La Troisième République française et ce qu’elle vaut/23

La bibliothèque libre.
◄  XXII
XXIV  ►

CHAPITRE XXIII.

On a remarqué, que depuis 1789, la valeur intrinsèque des assemblées politiques avait été constamment en baisse. Les chambres de la Restauration offraient moins d’individualités fortes que la Constituante, la Législative, la Convention, peuplées, sur tous les bancs, d’élèves des Oratoriens et des Jésuites et aussi de ces petits magistrats héréditaires de l’ancien régime qui avaient été, à ce qu’il semble, assez vigoureusement élevés.

Sous la Restauration on constata un certain éclat et peu de force. Sous le règne du Roi Louis-Philippe, l’éclat alla diminuant, la force de même ; aujourd’hui, on est atterré en considérant à quel niveau la foule élue en est tombée. Ils ont pourtant quelque chose de bon ; ils se disent assez leurs vérités ; mais ils n’ont guère que cela pour eux et un appétit d’emplois et de profits qui n’a jamais été égalé. Du reste, ils sont conduits par une commission, la commission l’est par trois membres. C’est ce que les libéraux ont appelé le régime de la liberté publique, la vie politique etc.

Naturellement ils ne sont pas contents et répètent volontiers un de leurs mots favoris : « on nous mène aux abymes ». On les y mène périodiquement. Ils tombent ; ce n’est pas un grand mal ; mais le pays tombe avec eux ; encore une fois, ils ne sont pas gens à s’étonner. Ils demandent pardon à Dieu et aux hommes et recommencent. Le monde dût-il s’écrouler, il leur faut le régime parlementaire, il leur faut être députés ; il leur faut parler ; il leur faut placer leurs électeurs, placer leurs protecteurs, placer leurs familles, avant tout se placer eux-mêmes ; placer est la grande affaire de leur vie et diriger et mener aux abymes. C’est convenu. Puis ils en sortent et toujours et encore, ils recommencent.

Ils sont prêts à exploiter toutes les paroisses. Après avoir amené la mort du Roi, avoir présidé à la ruine du Ier Empire, de la Restauration, du Roi Louis-Philippe, enterré le Second Empire, toujours en regrettant, toujours en déplorant, toujours en se frappant la poitrine, ils ont fortement insisté pour être écoutés dans les conseils de l’Église et ils voulaient qu’on les laissât introduire leurs drogues dans le Saint-Ciboire.
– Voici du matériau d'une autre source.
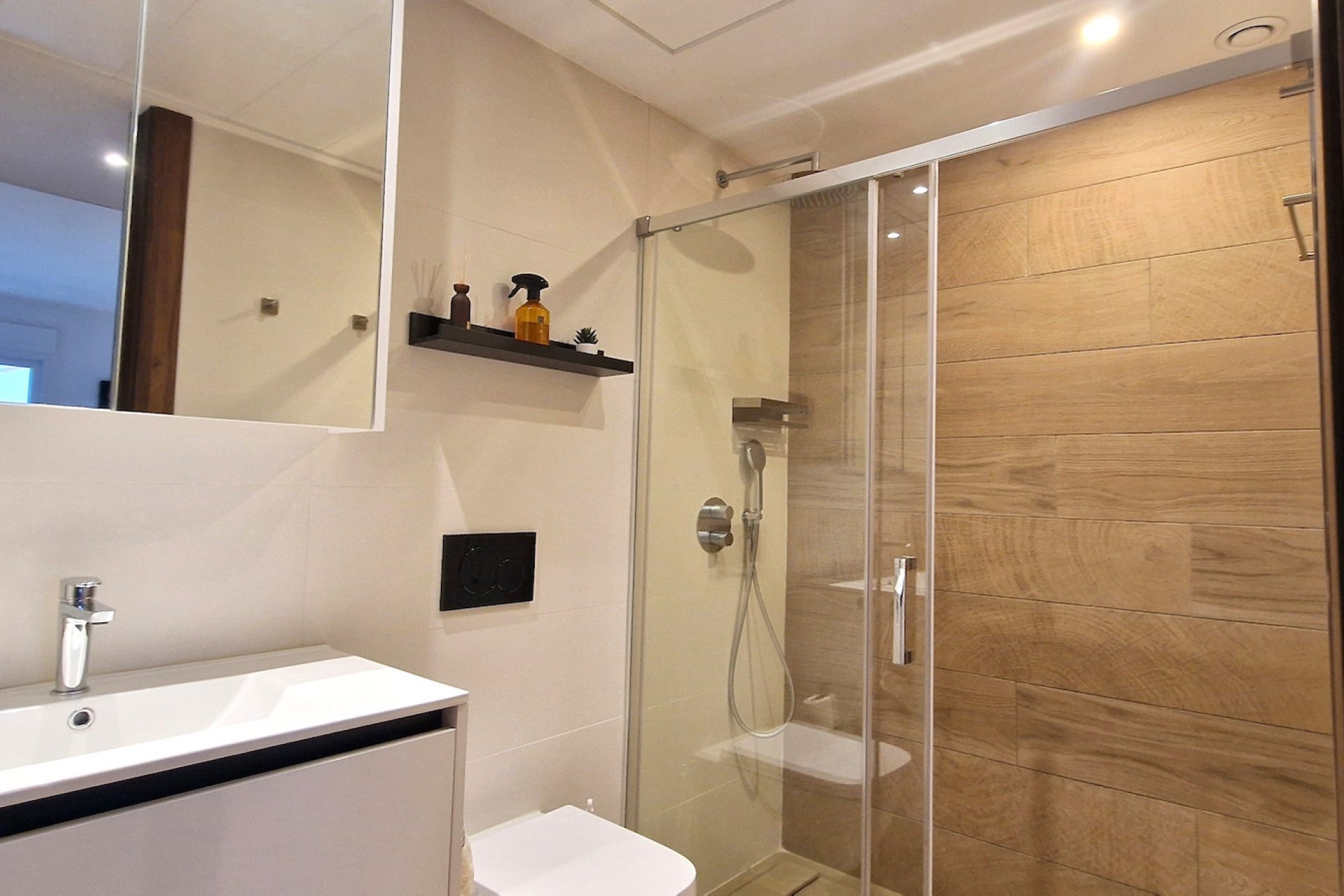 Resale - Bungalow -
Algorfa - Inland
Assurément, l’Église ne saurait périr ; mais Dieu s’est épargné, à coup sûr, la peine d’une série de miracles bien laborieux, le jour où il a inspiré à ses pontifes une sainte horreur pour le concours des catholiques-libéraux. Sa toute-puissance n’eût pas été de trop pour paralyser le mal que ces messieurs n’eussent pas manqué d’ajouter aux difficultés existantes.

En ce moment, ils sont un peu troublés et ne savent plus que faire. Une fois de plus ils ont mené les choses à la crête de la ruine et ne tiennent rien. Cependant ils ne périront pas. Ils sont ce qu’on appelle des modérés, ce qui procure constamment moyen de s’insinuer dans le pouvoir ou à côté, dans la sape. Ce qui leur est absolument hors d’atteinte, c’est une solution. Ils savent fort bien ouvrir et agrandir les plaies ; quant à les fermer ce n’est pas leur affaire.